SQL example 1 (with 2 bands):

SELECT RS_MakeEmptyRaster(2, 10, 10, 0.0, 0.0, 1.0) as raster

Output:

+--------------------------------------------+
|rs_makeemptyraster(2, 10, 10, 0.0, 0.0, 1.0)|
+--------------------------------------------+
|                        GridCoverage2D["g...|
+--------------------------------------------+

SQL example 1 (with 2 bands, scale, skew, and SRID):

SELECT RS_MakeEmptyRaster(2, 10, 10, 0.0, 0.0, 1.0, 1.0, 0.0, 0.0, 4326) as raster

Output:

+--------------------------------------------------------------+
|rs_makeemptyraster(2, 10, 10, 0.0, 0.0, 1.0, 1.0, 0.0, 0.0, 0)|
+--------------------------------------------------------------+
|                                          GridCoverage2D["g...|
+--------------------------------------------------------------+

Load GeoTiff to Array[Double] format

Warning

This function has been deprecated since v1.4.1. Please use RS_FromGeoTiff instead and binaryFile data source to read GeoTiff files.

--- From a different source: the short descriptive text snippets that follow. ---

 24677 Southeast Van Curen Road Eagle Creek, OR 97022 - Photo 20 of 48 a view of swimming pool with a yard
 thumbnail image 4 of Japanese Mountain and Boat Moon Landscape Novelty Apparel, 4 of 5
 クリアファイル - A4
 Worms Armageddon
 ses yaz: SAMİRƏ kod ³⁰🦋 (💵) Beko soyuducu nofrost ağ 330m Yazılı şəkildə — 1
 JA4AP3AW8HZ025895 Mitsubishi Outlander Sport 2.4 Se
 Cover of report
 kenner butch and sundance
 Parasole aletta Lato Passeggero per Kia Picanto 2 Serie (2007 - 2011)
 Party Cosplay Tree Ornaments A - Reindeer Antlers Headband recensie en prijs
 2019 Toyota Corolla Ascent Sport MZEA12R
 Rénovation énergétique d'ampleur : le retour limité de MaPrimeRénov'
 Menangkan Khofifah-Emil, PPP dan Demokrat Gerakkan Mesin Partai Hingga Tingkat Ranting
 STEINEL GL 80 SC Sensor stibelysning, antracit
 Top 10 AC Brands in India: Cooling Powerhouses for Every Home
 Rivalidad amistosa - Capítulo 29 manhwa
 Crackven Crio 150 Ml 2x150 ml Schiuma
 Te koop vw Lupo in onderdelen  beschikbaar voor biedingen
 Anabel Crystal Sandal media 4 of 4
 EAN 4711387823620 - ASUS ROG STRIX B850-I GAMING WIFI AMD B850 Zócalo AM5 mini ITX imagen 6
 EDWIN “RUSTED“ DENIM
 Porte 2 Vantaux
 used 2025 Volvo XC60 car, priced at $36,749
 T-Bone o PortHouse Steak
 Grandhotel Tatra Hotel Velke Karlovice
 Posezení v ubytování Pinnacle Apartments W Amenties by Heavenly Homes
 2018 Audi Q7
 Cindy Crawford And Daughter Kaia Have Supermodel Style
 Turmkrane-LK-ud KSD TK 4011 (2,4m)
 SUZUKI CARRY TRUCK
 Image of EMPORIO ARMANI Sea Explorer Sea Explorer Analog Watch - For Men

The geotiff loader of Sedona is a Spark built-in data source. It can read a single geotiff image or a number of geotiff images into a DataFrame. Each geotiff is a row in the resulting DataFrame and stored in an array of Double type format.

Since: v1.1.0

Spark SQL example:

The input path could be a path to a single GeoTiff image or a directory of GeoTiff images. You can optionally append an option to drop invalid images. The geometry bound of each image is automatically loaded as a Sedona geometry and is transformed to WGS84 (EPSG:4326) reference system.

var geotiffDF = sparkSession.read.format("geotiff").option("dropInvalid", true).load("YOUR_PATH")
geotiffDF.printSchema()

Output:

 |-- image: struct (nullable = true)
 |    |-- origin: string (nullable = true)
 |    |-- Geometry: string (nullable = true)
 |    |-- height: integer (nullable = true)
 |    |-- width: integer (nullable = true)
 |    |-- nBands: integer (nullable = true)
 |    |-- data: array (nullable = true)
 |    |    |-- element: double (containsNull = true)

There are three more optional parameters for reading GeoTiff:

 |-- readfromCRS: Coordinate reference system of the geometry coordinates representing the location of the Geotiff. An example value of readfromCRS is EPSG:4326.
 |-- readToCRS: If you want to transform the Geotiff location geometry coordinates to a different coordinate reference system, you can define the target coordinate reference system with this option.
 |-- disableErrorInCRS: (Default value false) => Indicates whether to ignore errors in CRS transformation.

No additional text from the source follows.